TASK DESCRIPTION:
Below are the records; copy exactly the stretch from the line containing "Balenciaga Pompon Giant Bag - Image 7" through the line containing "Fogo destrói parte", both ends included, and nothing else.

DATA FOR ANALYSIS:

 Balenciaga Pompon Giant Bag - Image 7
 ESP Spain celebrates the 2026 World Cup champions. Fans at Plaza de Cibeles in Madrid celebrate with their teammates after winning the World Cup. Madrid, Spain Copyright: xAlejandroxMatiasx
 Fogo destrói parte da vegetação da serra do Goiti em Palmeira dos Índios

==

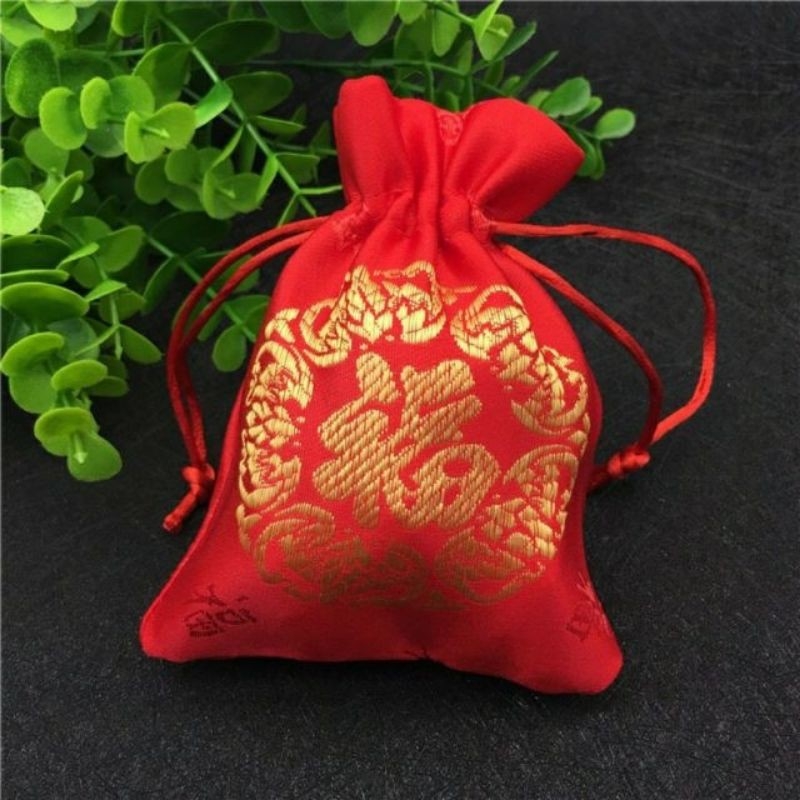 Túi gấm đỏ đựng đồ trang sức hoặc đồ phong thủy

SOLUTION FOR THIS PROBLEM:
 Balenciaga Pompon Giant Bag - Image 7
 ESP Spain celebrates the 2026 World Cup champions. Fans at Plaza de Cibeles in Madrid celebrate with their teammates after winning the World Cup. Madrid, Spain Copyright: xAlejandroxMatiasx
 Fogo destrói parte da vegetação da serra do Goiti em Palmeira dos Índios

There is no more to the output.